Football Federation Australia (FFA) has put A-League expansion on hold, saying it won’t happen before the 2018/19 season.

That hasn’t stopped Brisbane Strikers, Brisbane City and Ipswich-based Western Pride from entering the race for an A-League licence.

A second club in Brisbane, which according to the 2016 Census has a population of 2.35 million, appears a strong option for the FFA, which Kingsman embraced.

“To me I think there’s an inevitability that more clubs will come to Brisbane,” Kingsman told FourFourTwo.

“I think it should come to Brisbane. I welcome anybody.

“A-League expansion is important for the development of the game here. It’ll keep us on our toes.

“Having been to Sydney and Melbourne derbies, it’ll be great for our fans.”

Kingsman said there would be several benefits in having a local rival, including on-field, arguing New South Wales and Victorian clubs currently have a significant advantage.

“Another element is you’ve got four clubs who travel to every single away game, Perth, Adelaide, Wellington and us," Kingsman said. "That is quite hard on these clubs.

“It makes a big difference for the Sydney sides, who might go up to Newcastle or Gosford or Homebush. It’s an easy commute.

“Sometimes there’s a lot to be said for the travel. It takes its toll but you also lose a training day.

“If we can get a local derby we could start clawing back some of those benefits.”

Kingsman felt Brisbane could accommodate a second club, although he reserved judgement on which potential side provided the best point of difference.

Wanderers' geographical point of difference in comparison to Sydney FC has long been a key part of their success in the NSW capital, while Heart/City's central location alongside Victory in Melbourne has arguably contributed to their challenges.

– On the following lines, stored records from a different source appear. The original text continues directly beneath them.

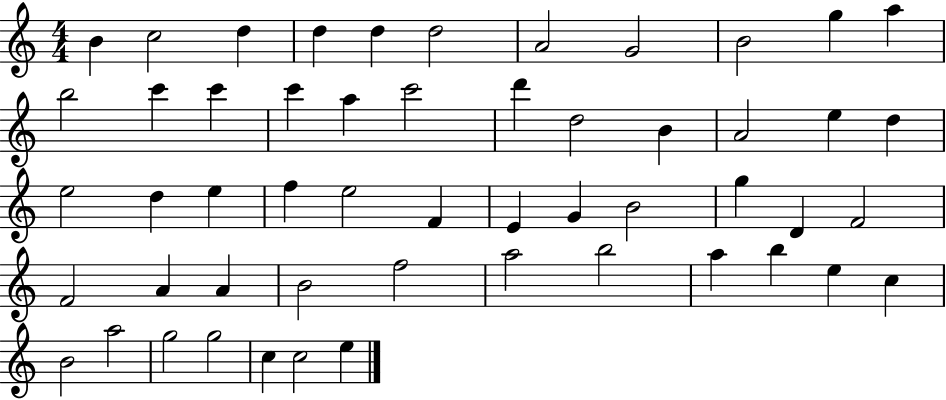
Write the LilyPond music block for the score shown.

{
  \clef treble
  \numericTimeSignature
  \time 4/4
  \key c \major
  b'4 c''2 d''4 | d''4 d''4 d''2 | a'2 g'2 | b'2 g''4 a''4 | \break b''2 c'''4 c'''4 | c'''4 a''4 c'''2 | d'''4 d''2 b'4 | a'2 e''4 d''4 | \break e''2 d''4 e''4 | f''4 e''2 f'4 | e'4 g'4 b'2 | g''4 d'4 f'2 | \break f'2 a'4 a'4 | b'2 f''2 | a''2 b''2 | a''4 b''4 e''4 c''4 | \break b'2 a''2 | g''2 g''2 | c''4 c''2 e''4 | \bar "|."
}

The Roar managing director was buoyed by Roar's good home crowds in 2016/17, with attendances up by eight per cent year on year, going from 12,850 to 13,892, proving there's a strong appetite for football in Brisbane.

“Overall the trends in the competiton as a whole went backwards," Kingsman said.

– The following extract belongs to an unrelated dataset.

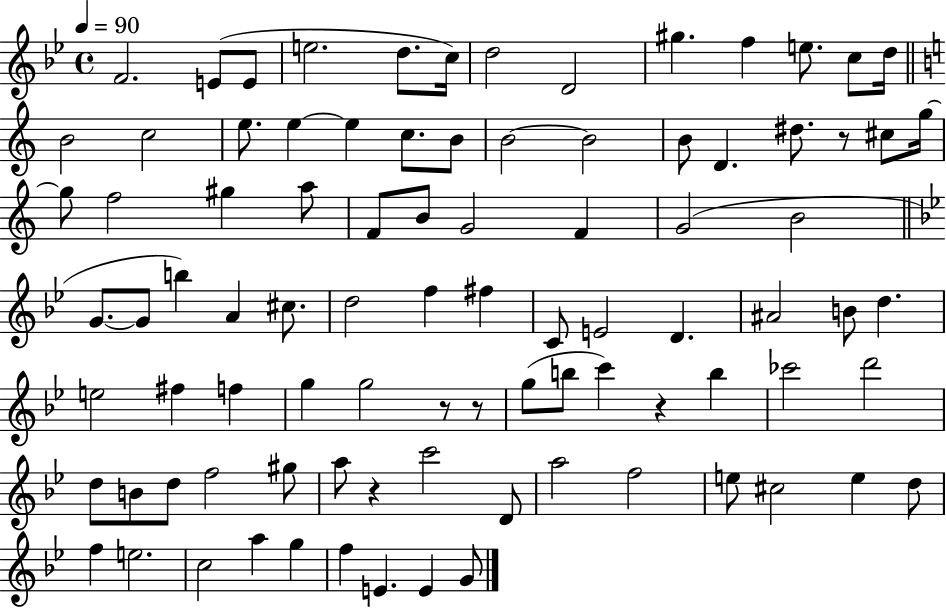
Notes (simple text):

F4/h. E4/e E4/e E5/h. D5/e. C5/s D5/h D4/h G#5/q. F5/q E5/e. C5/e D5/s B4/h C5/h E5/e. E5/q E5/q C5/e. B4/e B4/h B4/h B4/e D4/q. D#5/e. R/e C#5/e G5/s G5/e F5/h G#5/q A5/e F4/e B4/e G4/h F4/q G4/h B4/h G4/e. G4/e B5/q A4/q C#5/e. D5/h F5/q F#5/q C4/e E4/h D4/q. A#4/h B4/e D5/q. E5/h F#5/q F5/q G5/q G5/h R/e R/e G5/e B5/e C6/q R/q B5/q CES6/h D6/h D5/e B4/e D5/e F5/h G#5/e A5/e R/q C6/h D4/e A5/h F5/h E5/e C#5/h E5/q D5/e F5/q E5/h. C5/h A5/q G5/q F5/q E4/q. E4/q G4/e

"For us to show an increase in attendances was really pleasing." 

Kingsman said the club had made an active effort in 2016/17 to improve the perception of their brand after years riddled by off-field drama around owners, the Bakrie Group.

“I made it very clear at the beginning we weren’t going to criticise anybody,” Kingsman said.

"I don’t see any value in that. We work with each other and we want to put positive news out there.

“That was very important to work with the owners who over the years have piled millions of dollars into the club, like many of the A-League owners have.

“It’s important to work with them and support them in what they’ve done.

“We have communication with them, we try to communicate to our members and fans more, and the FFA more.

“That transparent approach we’ve taken with everything has paid dividends this year.”